I've been trying desperately for a while to not dip my toe into trying to mix bottled waters for the "ideal" brew, and instead settled on using Waitrose Essential with my Aeropress. However, I've just received a Kalita Wave, and after working out how many bottles I'll go through a week it's time to consider alternatives to bottled. While chatting to Chris from Has Bean, he mentioned that tap water put through a BWT Mg2 filter is pretty good, so I wondered if anyone here uses these and can shed some light on how good they are for pour over brewing? I've seen it mentioned in a couple of the other water-related threads but no indication of if it's any good...

To pre-empt some responses, I suspect it will depend a lot on the tap water I'm starting with before filtering... Does anyone have recommendations for a kit to test the current properties of my tap water to get an idea of what needs to be tweaked?

Cheers,

Jon


----------



## Step21 (Oct 2, 2014)

I use one for filtering tap water for drinking and making tea. Doesn't make great coffee for me. I haven't tested my tap water so don't know what i've got to begin with. Bottled water is much better if you know what to look for/blend. Waitrose Ess is decent.

Remember to factor in the cost of the filters and that they become less efficient as time goes on - you are not getting identical filtration on Day 1 as Day 30.

If you want to test your water you'll need a TDS meter and need to measure General Hardness and Carbonate Hardness (various kits available from aqua marine shops). Ideally you'll want to know Calcium and Magnesium levels. Some of these kits will give you Calcium but Magnesium in freshwater IIRC is not easy to measure. I've not used any kits myself but if you search on the bottled water threads there is some good info in there.

Your local water authority might specify what is in your tap water if you are lucky (try their website)

If your water is very hard you can try boiling it first then filtering it.


----------



## El carajillo (Mar 16, 2013)

I think you come under Severn Trent W. A., you can obtain a rough guide from their website or telephone and ask for more detailed report. I think your water is fairly hard. Although the filter you mention does add too improve taste you may need to remove more of the hardness.

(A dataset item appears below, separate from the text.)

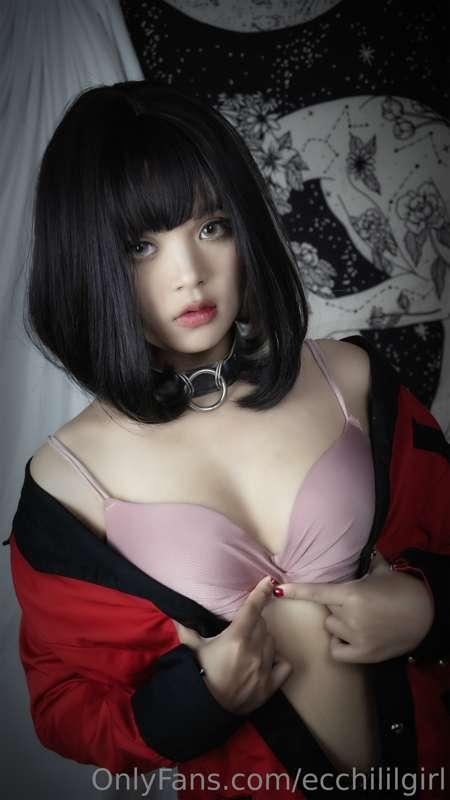 Kakegurui Photoset
This photoset contains a simple cosplay f..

There is a thread on water and I believe test kits are mentioned.

Have a word with Xpenno:good: Water man


----------



## GlennV (Mar 29, 2013)

The API GH/KH test kits are good, with many suppliers on ebay. If your water is moderately hard then the BWT jug should do a good job with a new filter. The filter will lose it's ability to reduce hardness fairly rapidly, but you can keep track of that with the test kit.


----------



## aaroncornish (Nov 7, 2012)

We have super soft water, literally no KH buffering or alkalinity. I am about to try the Mg2+ cartridge to see if it improves the water.

Then I am going all in and trying Spencer's water voodoo - http://grindscience.com/2015/08/making-water-for-coffee-sodastream-method-best-recipe-so-far/


----------



## johnealey (May 19, 2014)

Evesham water fairly hard and will be close to what you have in Cheltenham. Bwt jug does a reasonable job for no more than 3 weeks for us (mg2+) but is a way away from the clarity you'll get from Waitrose or Waitrose mix etc etc ( see the brewed threads for more detail)

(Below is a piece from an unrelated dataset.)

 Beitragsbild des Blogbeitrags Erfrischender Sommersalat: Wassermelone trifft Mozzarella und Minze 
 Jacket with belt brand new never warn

You could get a jug and filter for around 10-12£ on amazon a while back or if you have a brita jug then the bwt filter drop straight in , so could in theory try it out for less than a fiver.

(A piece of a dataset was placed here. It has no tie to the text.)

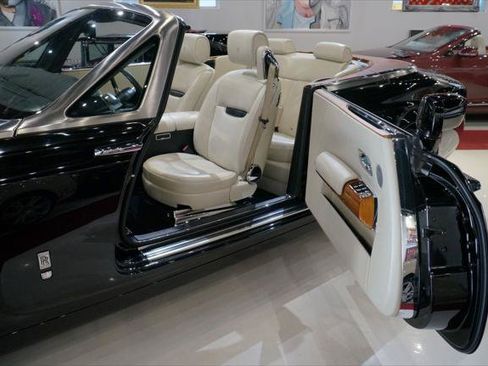 Used 2008 Rolls-Royce Phantom Drophead Coupe RWD image 11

Will be a huge improvement on straight or even brita jug water though, just not quite as good as bottled or spencers special water mentioned elsewhere.

Hope of help.

John


----------



## jonbutler88 (Dec 31, 2015)

Thanks everyone for the responses. I got a very detailed breakdown of my tap water from Severn Trent, and it's pretty clear it would be a pain to get it up to scratch. I just brewed my first Kalita with a Volvic / Waitrose mix and it was definitely the best tasting cup(s) I've had from it so far, so that's sealed the deal for staying on bottled.


----------



## abelated (Apr 14, 2020)

Big old dredge here but I've been trying to tame my Cambridge tap water as best as possible until I can obtain funds for one of the big systems. I have been using a BWT mg+ filter for my pour overs with varying results (obviously, as performance varies over the filter life) but have generally found it to be OK if I run it for about 5 refils and then cut it with tap water 80/20.

In general if I don't add back some tap I find it tends to be quite a sour brew. I've heard magnesium can do this so maybe it's psychosomatic.


----------



## Rob1 (Apr 9, 2015)

The sourness is likely from low alkalinity after filtration rather than the additional Magnesium. The tap water you add probably brings alkalinity up.

If you've got a water report from your supplier it might tell you bicarbonates in mg/l or alkalinity or bicarbonates as CaCO3 (which is alkalinity). It might not be listed though which is why people use GH:KH titration kits.

I've never heard of Magnesium causing sourness. My water contains nothing but sodium, magnesium and bicarbonates and if anything it is sweeter with magnesium than without, though it's likely just a matter of perception due to a change in mouthfeel.


----------